*The problem*
From the line with "Assalamualaikum, hello friends, how" to the line with "Now type your", retype each line exactly as it stands in the records below, but skip the pictures.

*Given information*
● ● ●

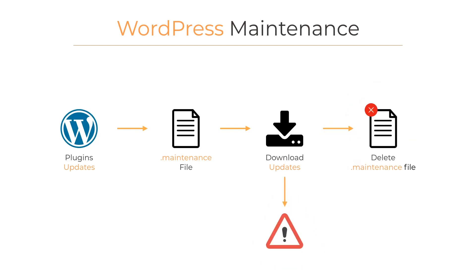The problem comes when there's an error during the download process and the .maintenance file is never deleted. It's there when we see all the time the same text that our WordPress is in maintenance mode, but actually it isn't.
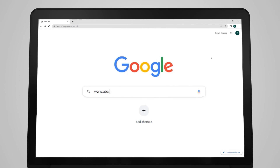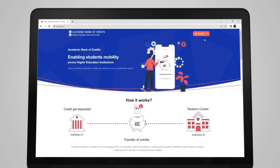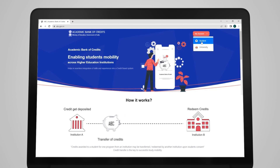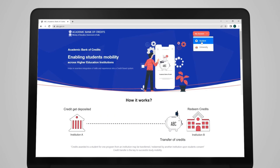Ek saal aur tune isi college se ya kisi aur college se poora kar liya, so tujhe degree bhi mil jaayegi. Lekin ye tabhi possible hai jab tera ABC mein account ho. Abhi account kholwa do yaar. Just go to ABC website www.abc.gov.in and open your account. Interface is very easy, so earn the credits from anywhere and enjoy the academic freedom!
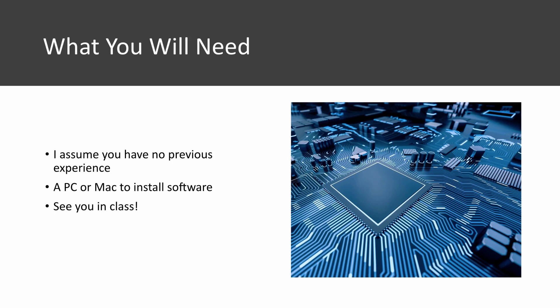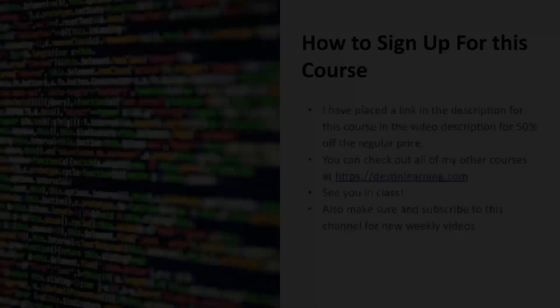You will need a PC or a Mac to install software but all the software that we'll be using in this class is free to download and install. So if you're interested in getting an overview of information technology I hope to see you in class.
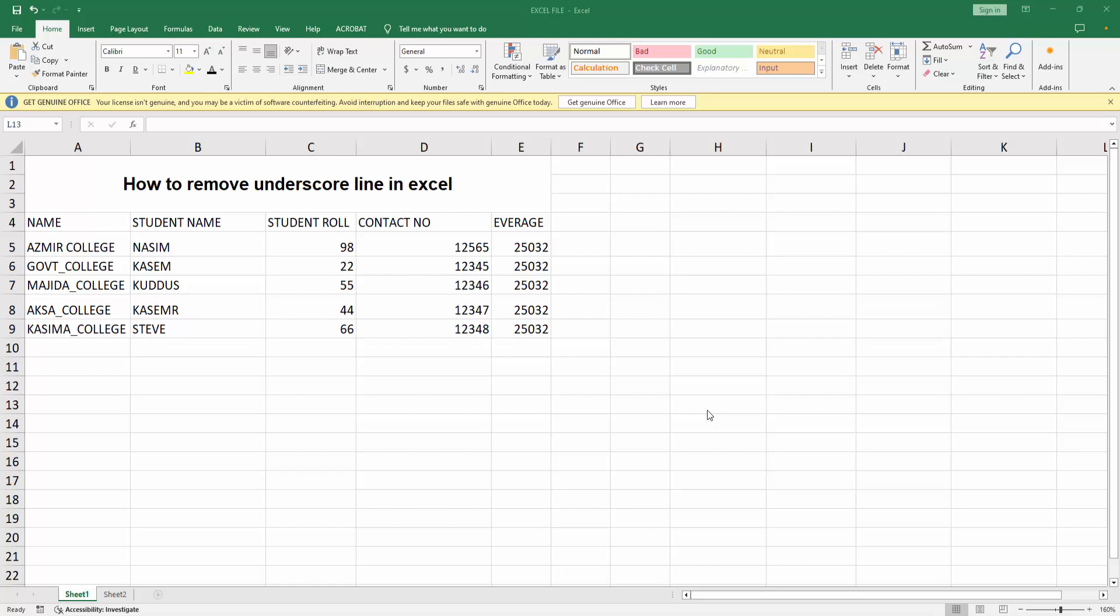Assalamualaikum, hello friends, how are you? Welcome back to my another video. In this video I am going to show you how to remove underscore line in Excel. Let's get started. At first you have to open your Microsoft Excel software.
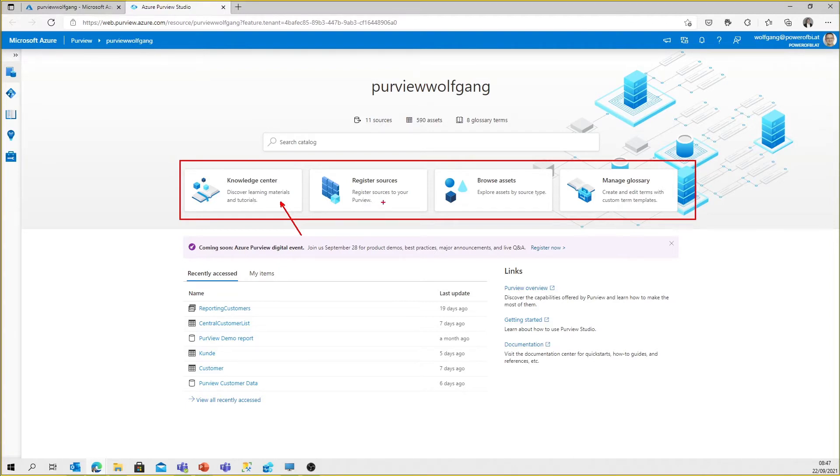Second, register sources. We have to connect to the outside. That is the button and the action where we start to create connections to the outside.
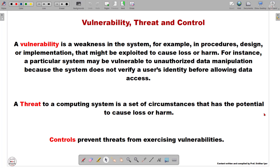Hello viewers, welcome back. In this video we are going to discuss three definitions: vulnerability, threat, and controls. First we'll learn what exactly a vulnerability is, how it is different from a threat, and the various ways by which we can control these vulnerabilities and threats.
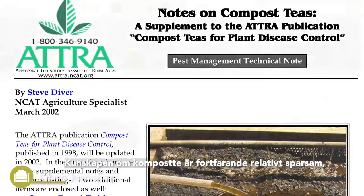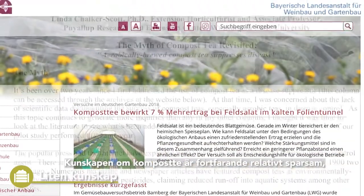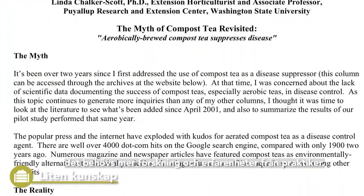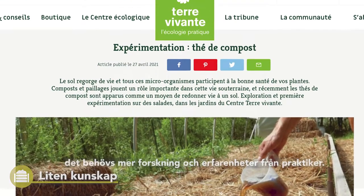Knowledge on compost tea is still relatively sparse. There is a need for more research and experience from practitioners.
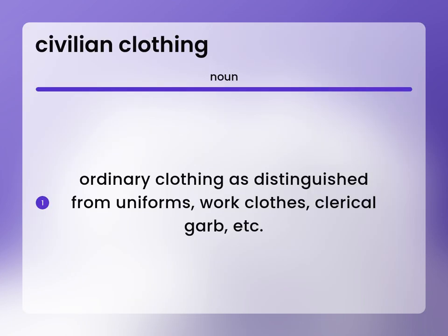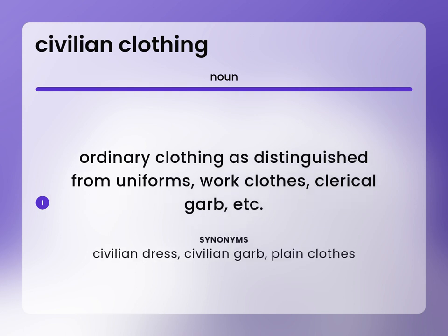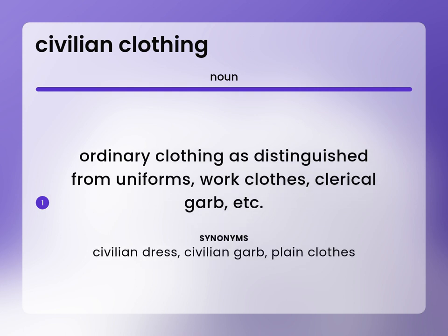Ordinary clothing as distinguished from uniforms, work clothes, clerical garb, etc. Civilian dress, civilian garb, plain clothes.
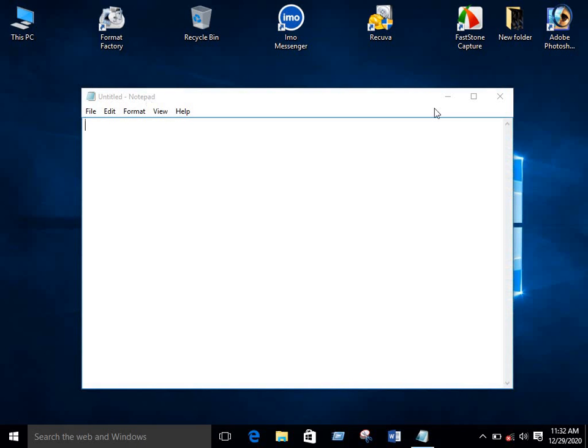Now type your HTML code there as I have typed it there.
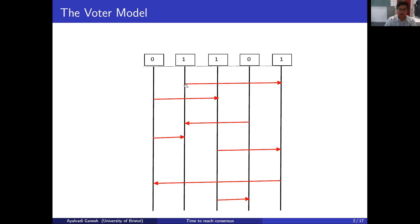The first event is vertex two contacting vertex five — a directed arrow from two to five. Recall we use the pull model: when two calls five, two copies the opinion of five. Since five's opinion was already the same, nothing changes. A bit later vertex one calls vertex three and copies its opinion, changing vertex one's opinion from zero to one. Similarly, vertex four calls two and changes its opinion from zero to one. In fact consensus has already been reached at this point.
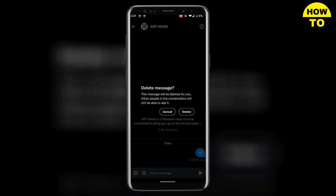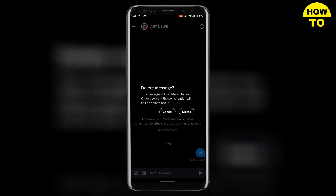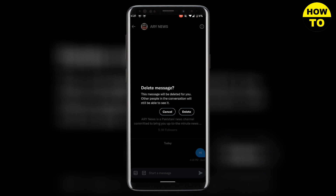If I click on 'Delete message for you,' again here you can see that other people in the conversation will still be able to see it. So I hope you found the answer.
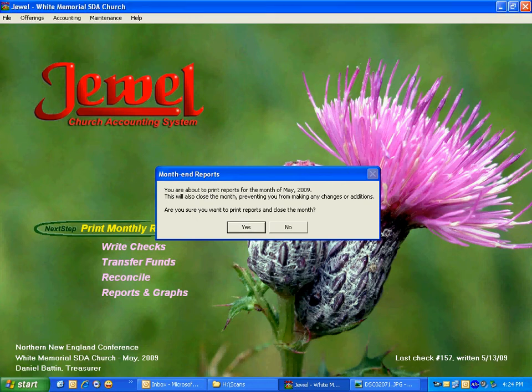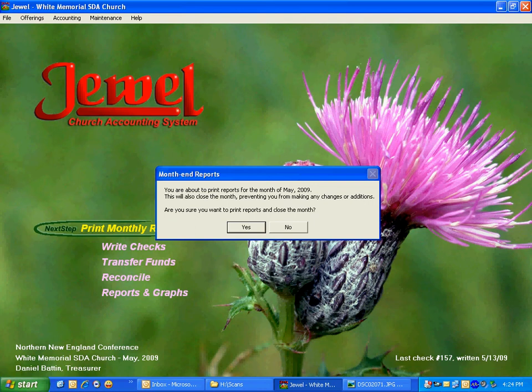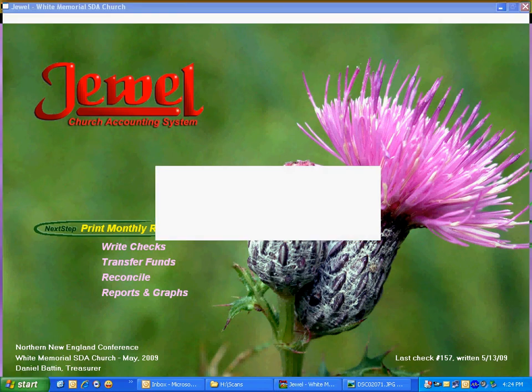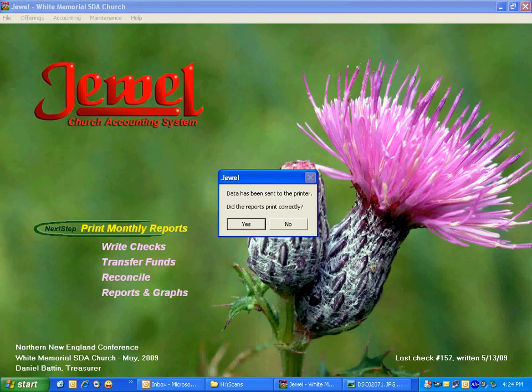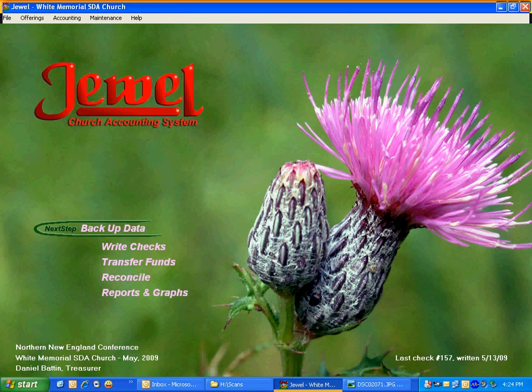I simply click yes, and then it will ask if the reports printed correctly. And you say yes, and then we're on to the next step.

● ● ●

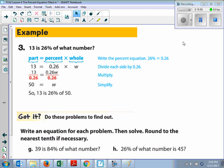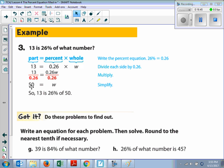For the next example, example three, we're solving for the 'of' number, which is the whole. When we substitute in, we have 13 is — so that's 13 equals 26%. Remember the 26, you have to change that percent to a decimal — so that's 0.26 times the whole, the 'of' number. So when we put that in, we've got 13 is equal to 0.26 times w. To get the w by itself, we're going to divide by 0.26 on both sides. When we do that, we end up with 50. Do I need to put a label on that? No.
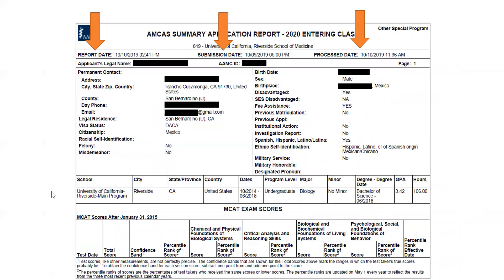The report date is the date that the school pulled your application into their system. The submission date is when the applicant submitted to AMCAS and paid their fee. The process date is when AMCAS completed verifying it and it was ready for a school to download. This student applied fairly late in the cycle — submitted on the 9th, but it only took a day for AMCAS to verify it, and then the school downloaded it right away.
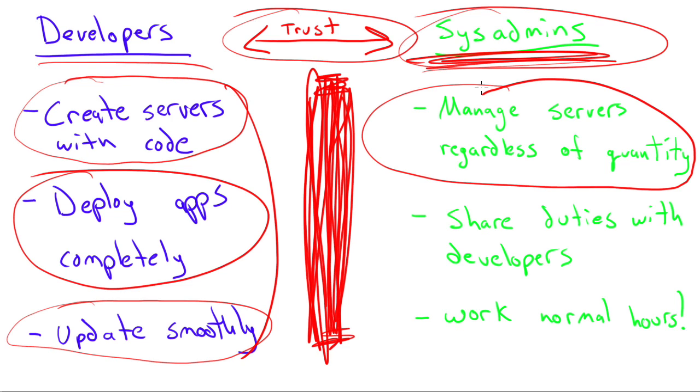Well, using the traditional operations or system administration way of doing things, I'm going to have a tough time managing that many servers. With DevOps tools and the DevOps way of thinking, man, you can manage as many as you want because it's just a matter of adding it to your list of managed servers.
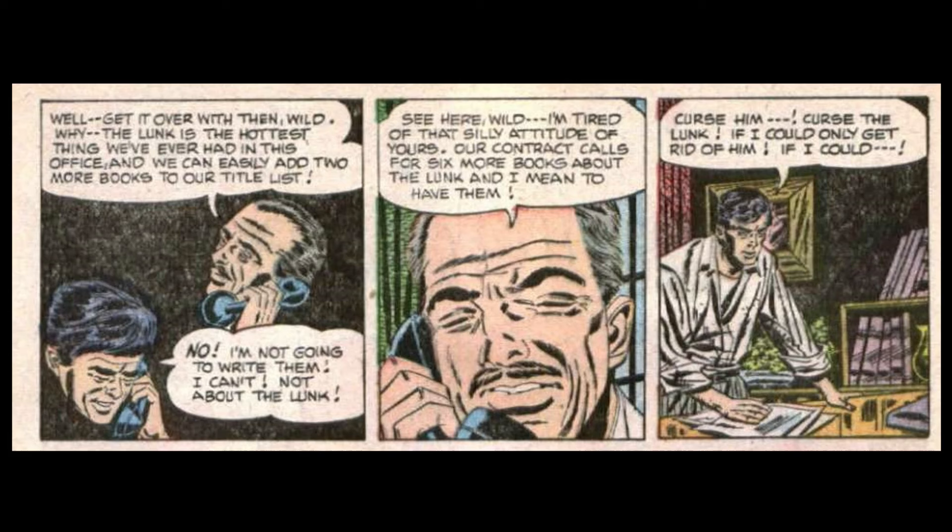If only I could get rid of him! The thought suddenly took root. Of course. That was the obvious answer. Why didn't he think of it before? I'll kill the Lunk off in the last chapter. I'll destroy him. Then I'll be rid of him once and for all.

● ● ●

*Answer space*
Assalamualaikum, hello friends, how are you? Welcome back to my another video. In this video I am going to show you how to remove underscore line in Excel. Let's get started. At first you have to open your Microsoft Excel software.
Second, register sources. We have to connect to the outside. That is the button and the action where we start to create connections to the outside.
Hello viewers, welcome back. In this video we are going to discuss three definitions: vulnerability, threat, and controls. First we'll learn what exactly a vulnerability is, how it is different from a threat, and the various ways by which we can control these vulnerabilities and threats.
Knowledge on compost tea is still relatively sparse. There is a need for more research and experience from practitioners.
Ordinary clothing as distinguished from uniforms, work clothes, clerical garb, etc. Civilian dress, civilian garb, plain clothes.
Now type your HTML code there as I have typed it there.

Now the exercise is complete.